How to deal with anonymization if one of the dates slips out of range?

hoechenberger commented 4 years ago

Working with the somato dataset, I ran into an issue related to the fact that the measurement date I'm intending to anonymize deviates from the date in info['file_id']['secs'] such that, when I reach the desired adjustment for the measurement date, info['file_id']['secs'] goes out-of-range (even though the measurement date would be within the valid range).

MWE:

import mne
import os.path as op
from datetime import datetime

data_path = mne.datasets.somato.data_path()
raw_fname = op.join(data_path, 'sub-01', 'meg', 'sub-01_task-somato_meg.fif')

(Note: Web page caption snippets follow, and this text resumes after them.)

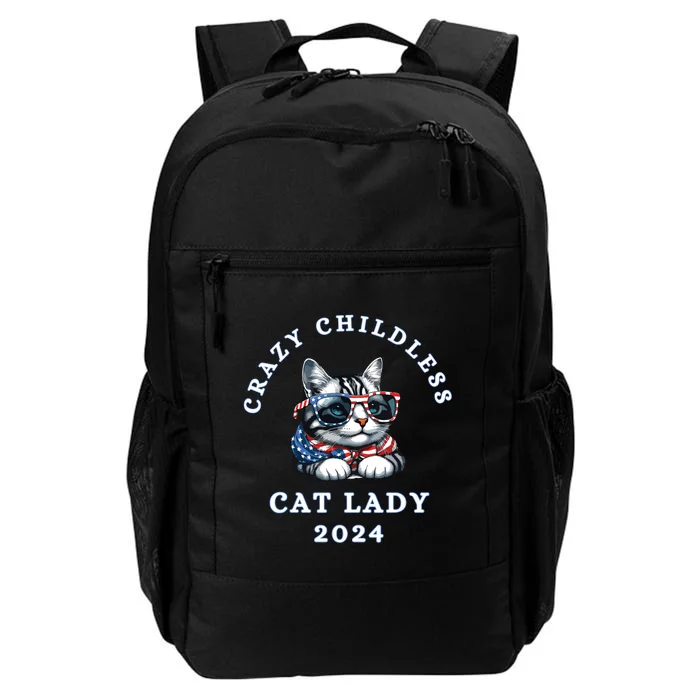 Funny Childless Crazy Cat Lady 2024 Crazy Cat Lady Funny Daily Commute Backpack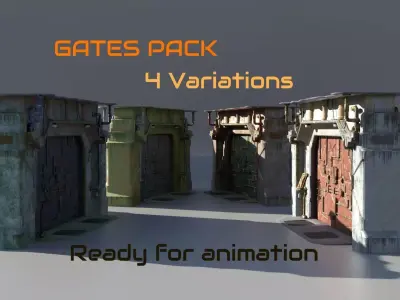 Gates 3D model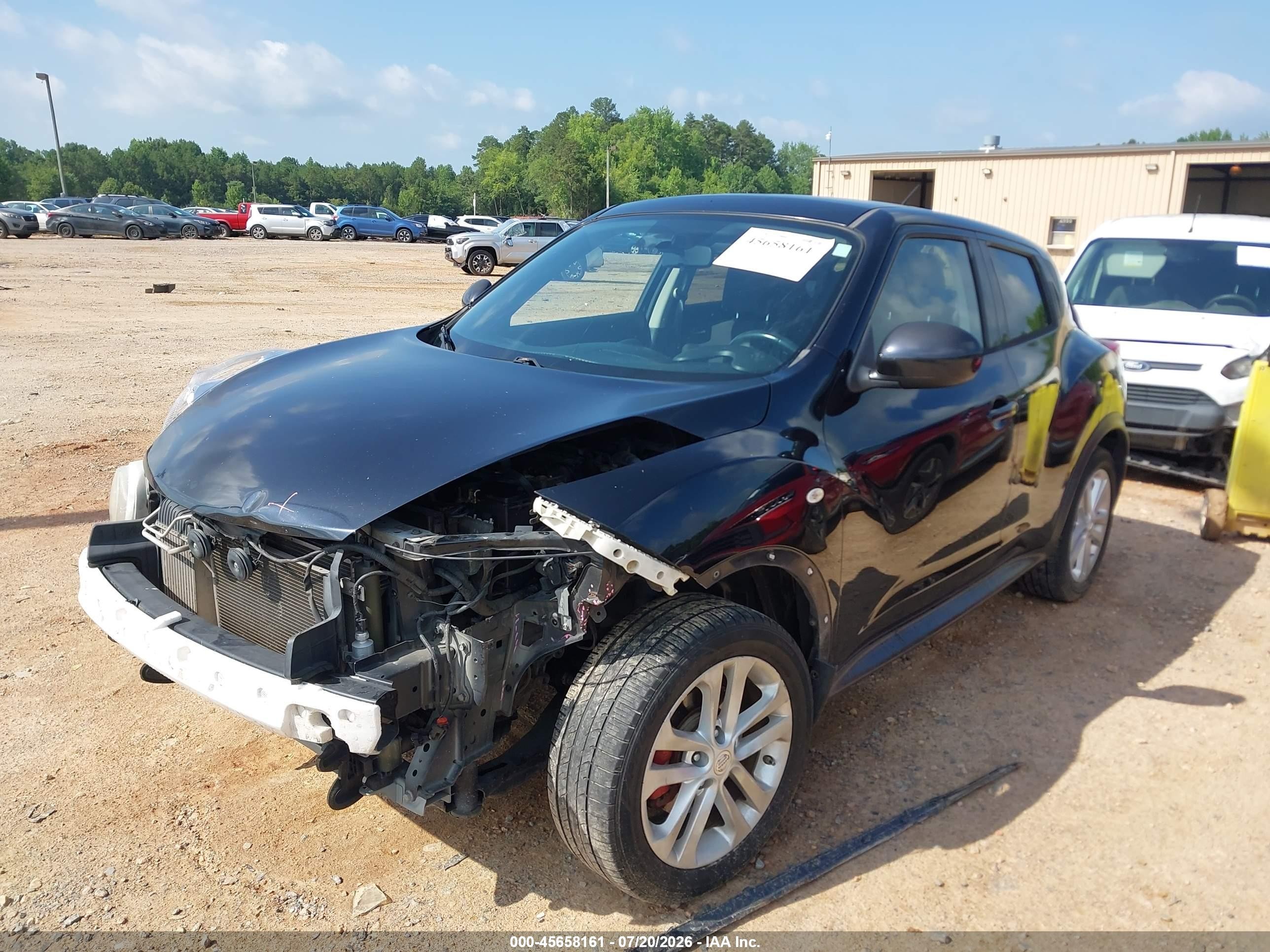 2014 Nissan Juke Sv Black vin: JN8AF5MV5ET484358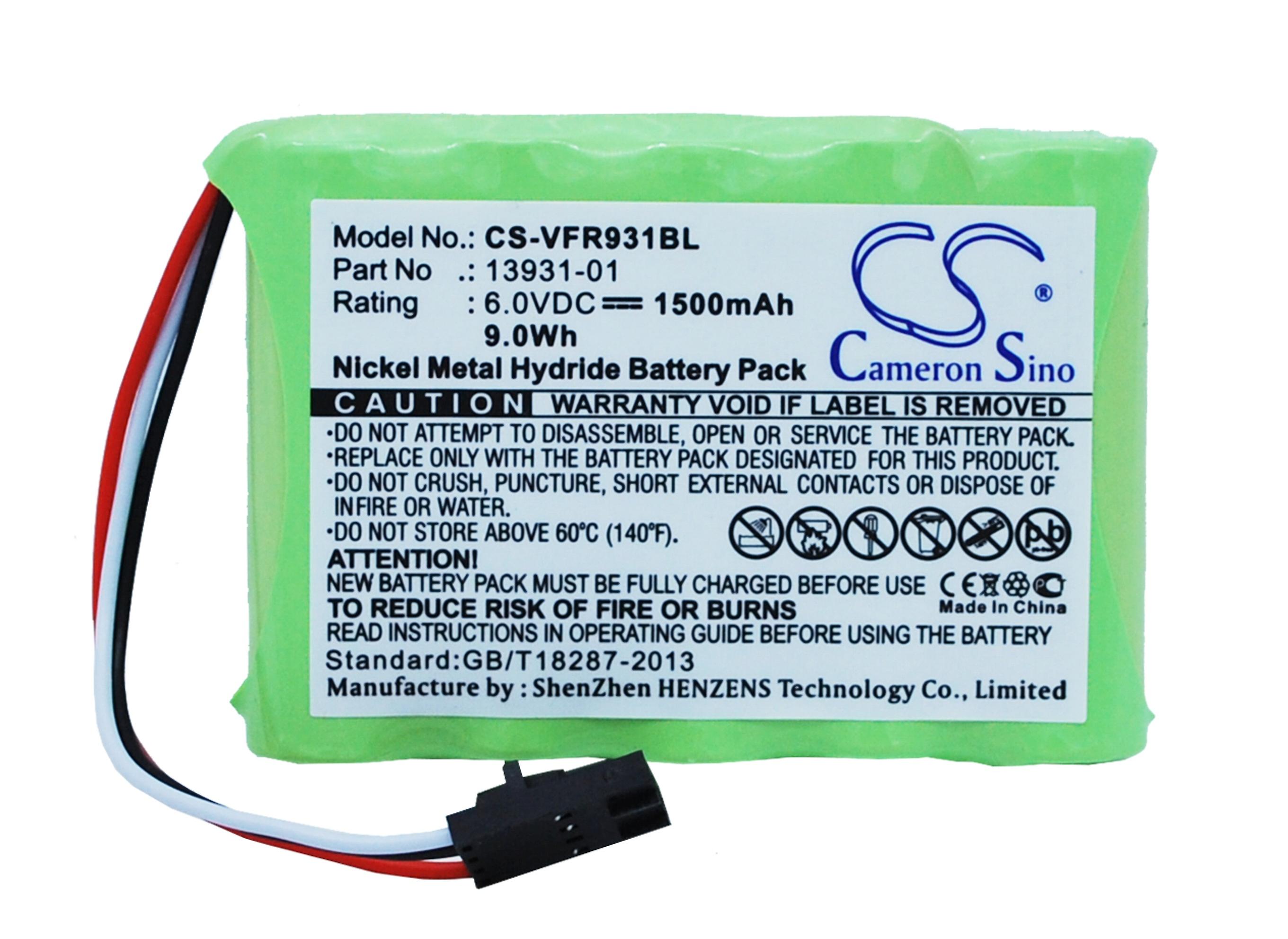 Battery for Verifone CPU-4 CPU-5 Ruby Console 13466-01 13931-01 CS-VFR931BL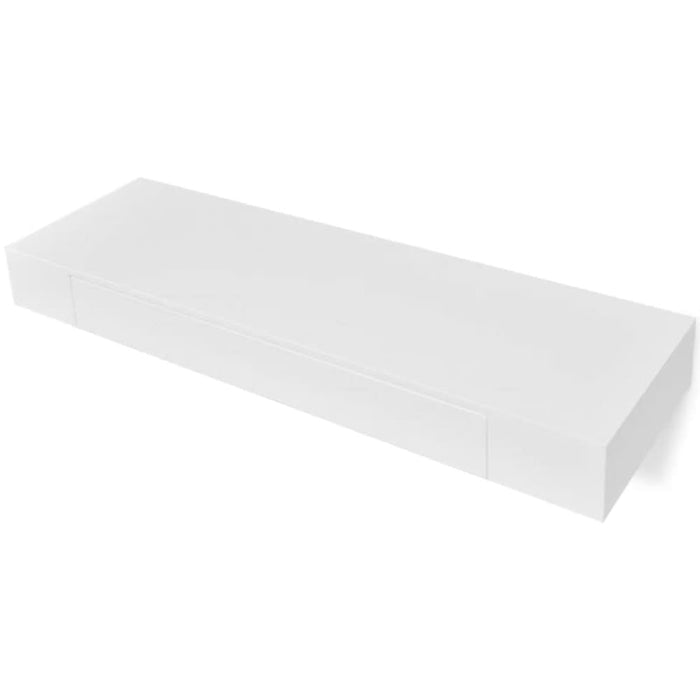 Floating Wall Shelves with Drawers 2 Pcs White 80 Cm Xilbbx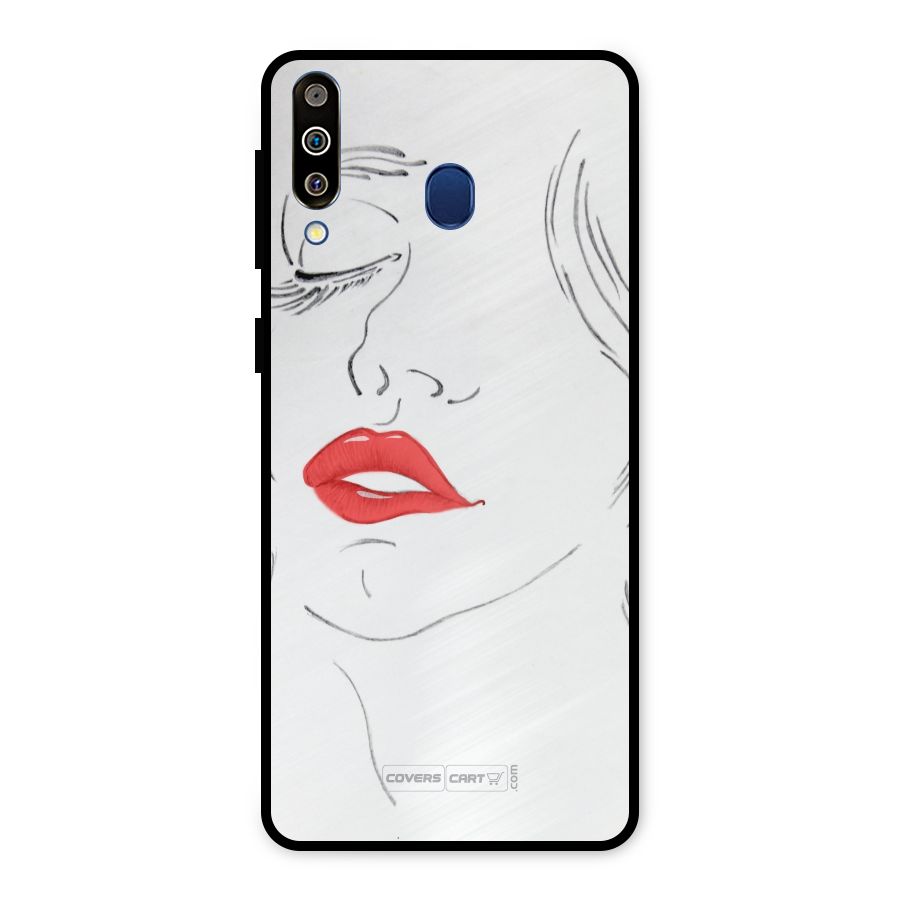 Classy Girl Metal Back Case for Galaxy M30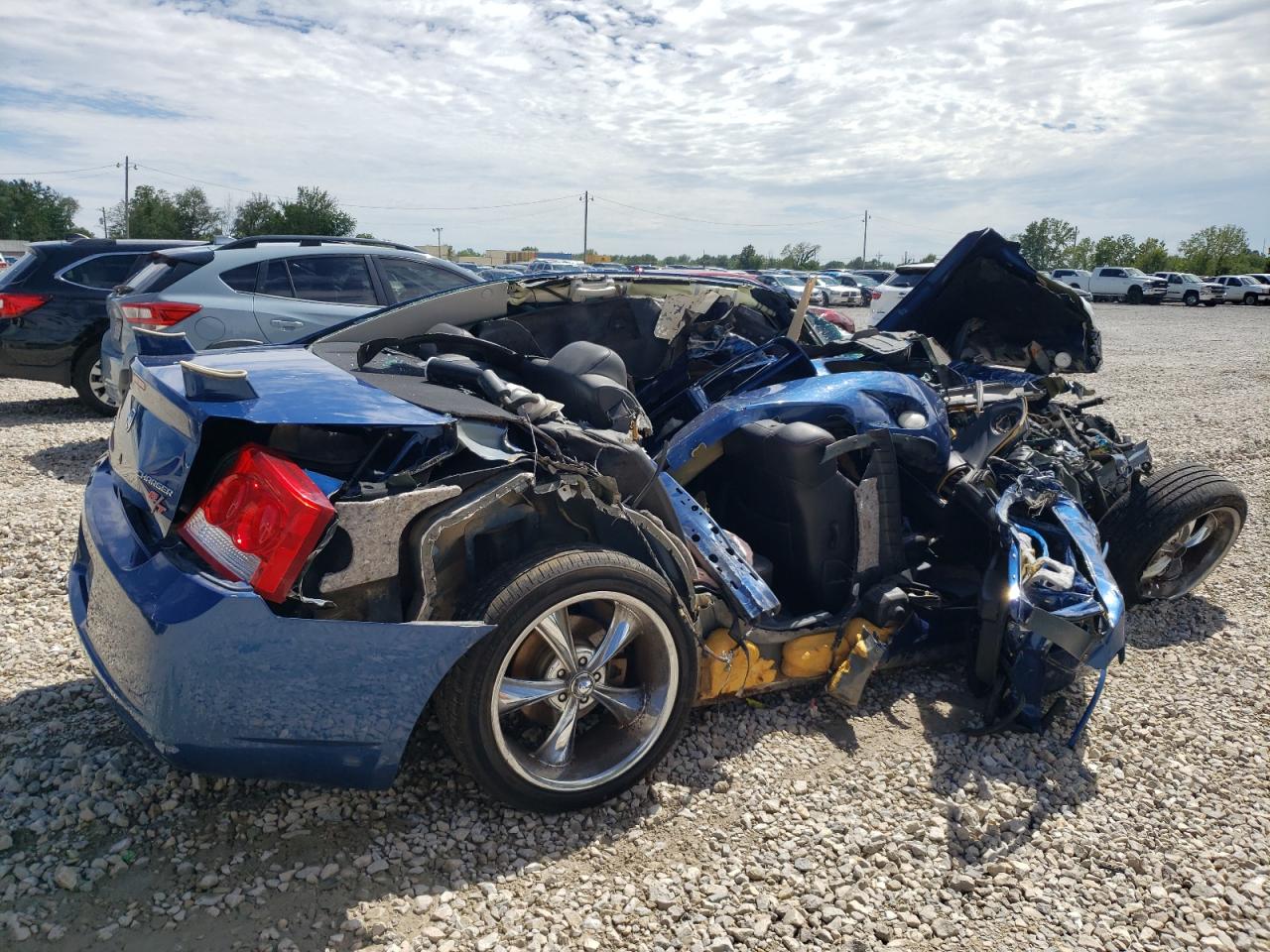 2010 Dodge Charger VIN 2B3CA5CT8AH183045 Copart auction photo, all over damage thumbnail 3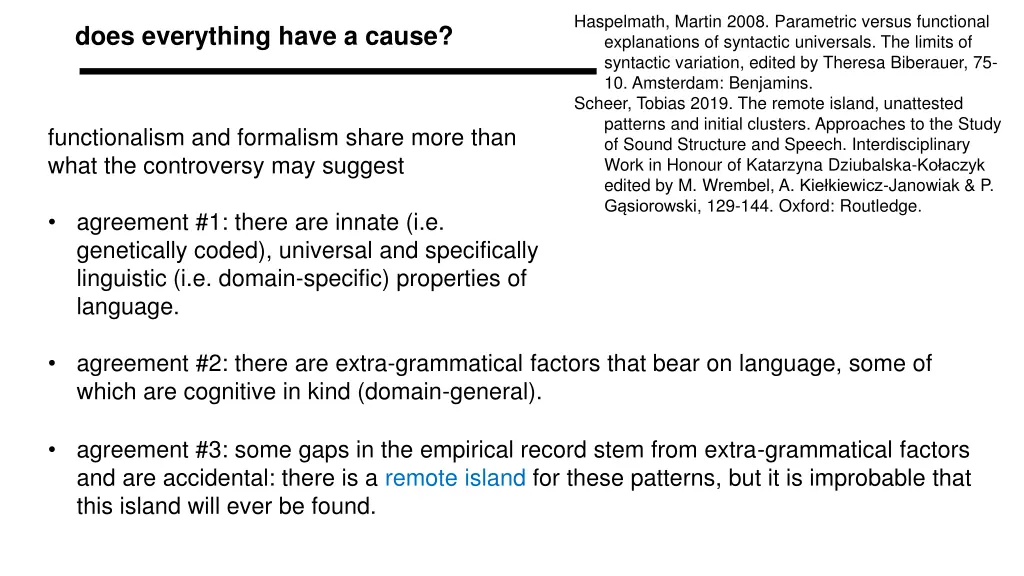 haspelmath martin 2008 parametric versus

raw = mne.io.read_raw_fif(raw_fname, verbose='error')
print(f"Date in info['meas_date']: {raw.info['meas_date']}")
print(f"Date in info['file_id']:   {datetime.fromtimestamp(raw.info['file_id']['secs'])}")

# Works
print('\nAnonymizing with daysback -> 10 years')
daysback = 10 * 365
raw_anon = raw.copy().anonymize(daysback=daysback)
print(f"Date in info['meas_date']: {raw_anon.info['meas_date']}")
print(f"Date in info['file_id']:   {datetime.fromtimestamp(raw_anon.info['file_id']['secs'])}")

# Does not work
print('\nAnonymizing with daysback -> 90 years')
daysback = 90 * 365
raw_anon = raw.copy().anonymize(daysback=daysback)
print(f"Date in info['meas_date']: {raw_anon.info['meas_date']}")
print(f"Date in info['file_id']:   {datetime.fromtimestamp(raw_anon.info['file_id']['secs'])}")

Output:

Date in info['meas_date']: 2007-07-05 11:17:11.172243+00:00
Date in info['file_id']:   1970-01-01 01:00:00

Anonymizing with daysback -> 10 years
Date in info['meas_date']: 1997-07-07 11:17:11.172243+00:00
Date in info['file_id']:   1960-01-04 01:35:47

Anonymizing with daysback -> 90 years
---------------------------------------------------------------------------
RuntimeError                              Traceback (most recent call last)
Untitled-2 in 
     21 print('\nAnonymizing with daysback -> 90 years')
     22 daysback = 90 * 365
---> 23 raw_anon = raw.copy().anonymize(daysback=daysback)
     24 print(f"Date in info['meas_date']: {raw_anon.info['meas_date']}")
     25 print(f"Date in info['file_id']:   {datetime.fromtimestamp(raw_anon.info['file_id']['secs'])}")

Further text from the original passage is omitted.